一方、京伝は手鎖50日に懲り、「真人間」になると誓い、戯作を辞め、煙草屋で生計を立てることを決めていました。しかし、 “戯作家・山東京伝最後の日”と銘打った宴で、参加者から「色男!」「日本一!」「京伝先生!」と大きな喝采を浴び、もてはやされたことで、戯作家を辞めるという思いはどこかへ……。

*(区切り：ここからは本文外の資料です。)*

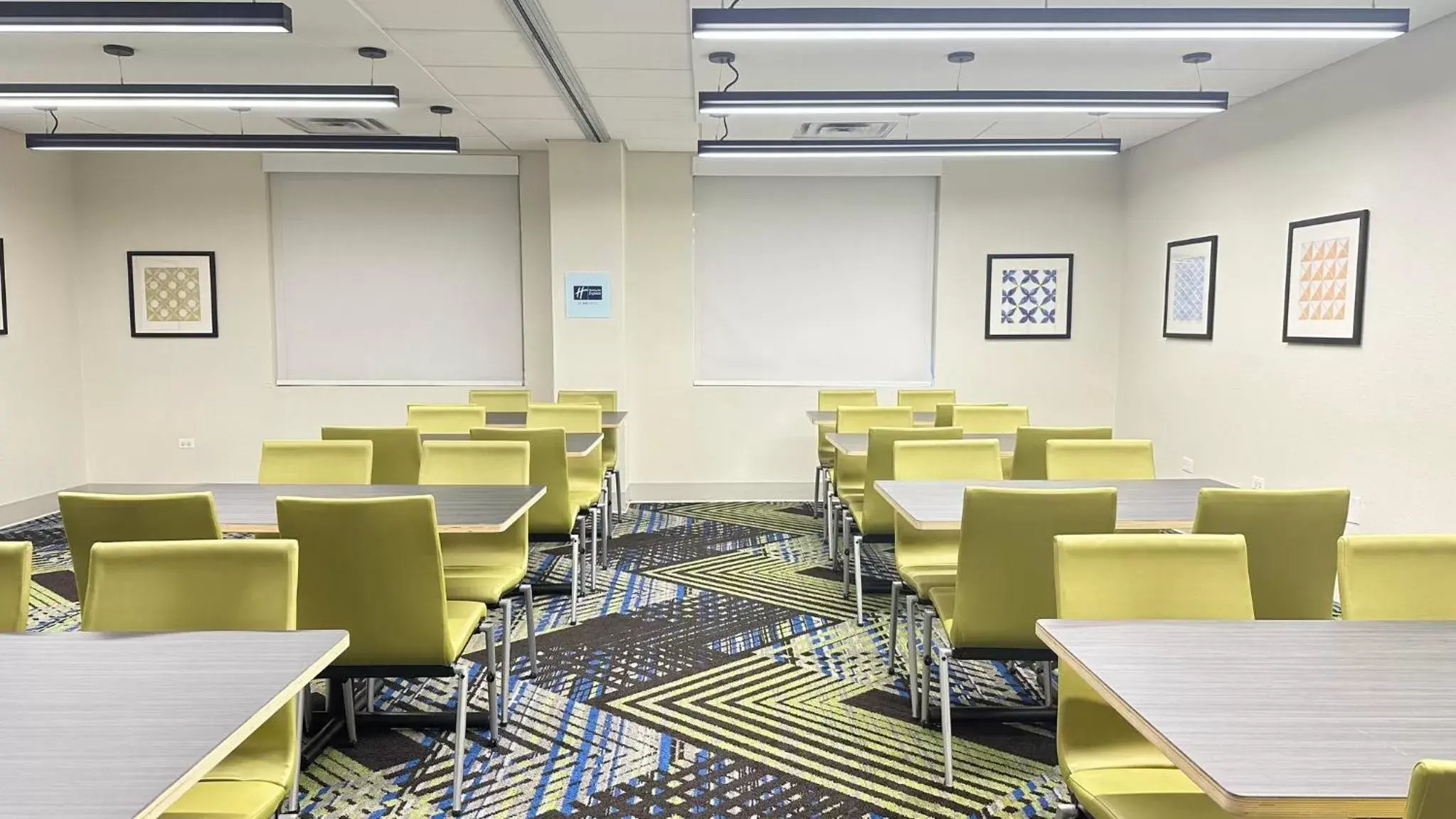 Meeting/conference room, Restaurant/Places to Eat in Holiday Inn Express & Suites - Prospect Heights, an IHG Hotel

京伝(古川雄大) 大河ドラマ「べらぼう~蔦重栄華乃夢噺~」40話(10月19日放送)より(C)NHK

本放送のタイトル「尽きせぬは欲の泉」が示すように、人間の欲は尽きることがありません。欲は否定的に捉えられがちですが、欲があるからこそ人間は行動を起こせる場合が多くあります。欲がなければ働く意欲もわかず、努力しようという気持ちにもなれないでしょう。“おいしいものを食べたい” “ステキな服を着たい” “お金を稼いで、好きな人にかっこつけたい”といった欲求が、自分を動かす原動力となります。そして、多くの人が欲を抱くからこそ、新しいものやステキなものが生み出されていきます。

江戸時代には芝居、美しい錦絵、豪華な本、美しい着物などさまざまなものが生み出されましたが、それは江戸っ子たちが欲を持っていたからでもあります。